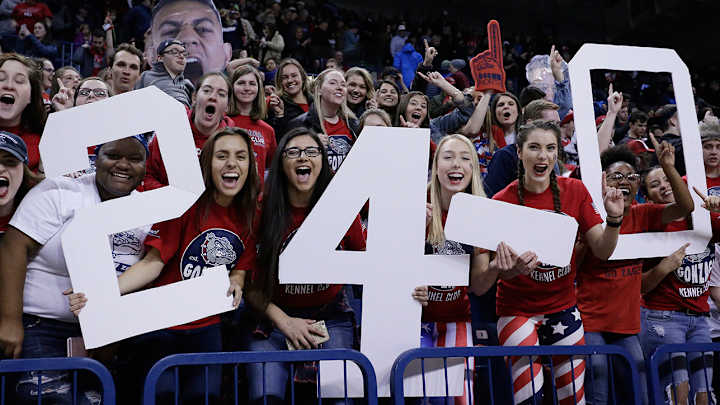 Gonzaga, Villanova, Kansas on top of AP poll after wild week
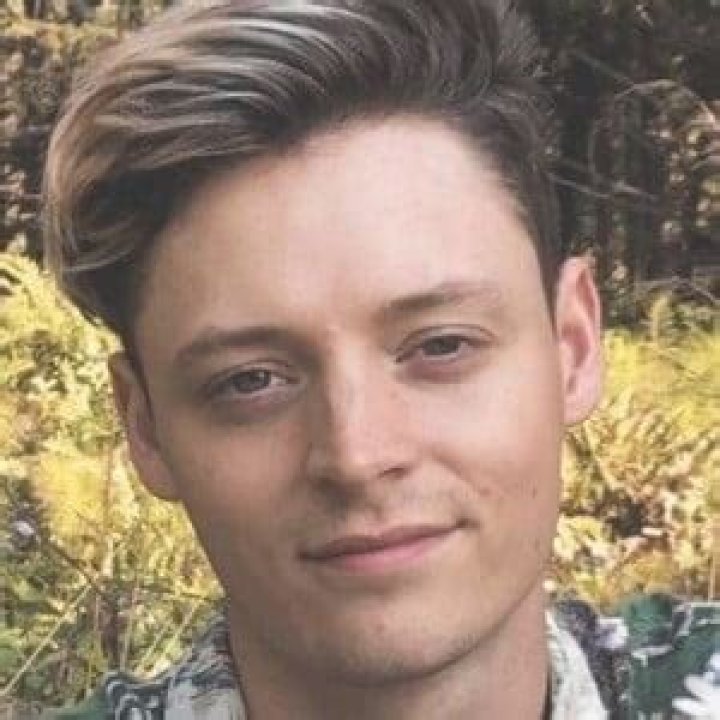 Jacob Colvin Age | Wiki, Net worth, Bio, Height, Girlfriend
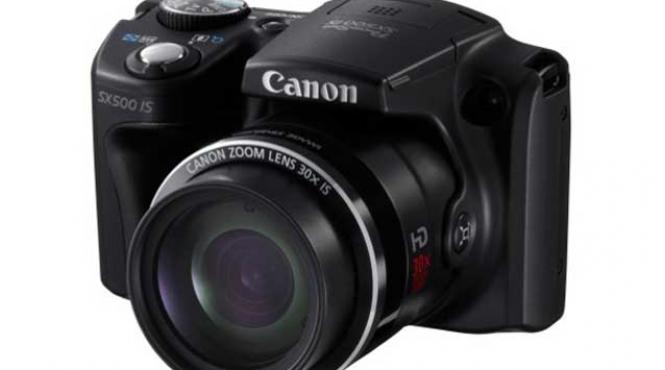 canon arunca pe piata doua noi modele superzoom
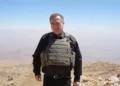 Israel Katz durante una visita a la cumbre del monte Hermón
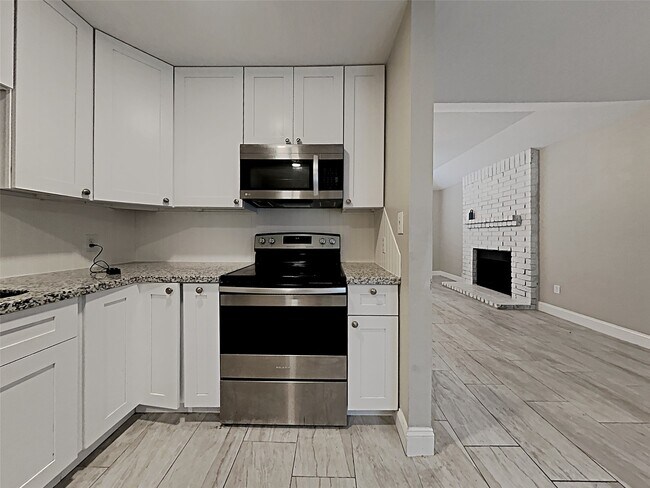 Foto del edificio - 14020 Schroeder Rd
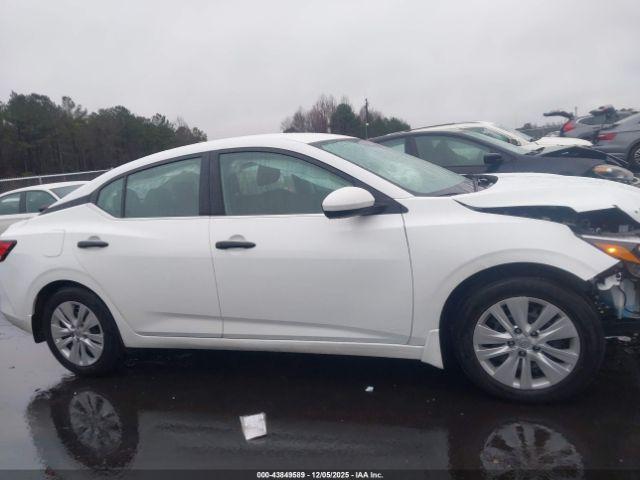 Nissan Sentra S Image 14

» What to work on
The output must match, line for line, the span from the line containing "Israel Katz durante" through the end of the data, with the pictures removed.

» Problem solution
 Israel Katz durante una visita a la cumbre del monte Hermón
 Foto del edificio - 14020 Schroeder Rd
 Nissan Sentra S Image 14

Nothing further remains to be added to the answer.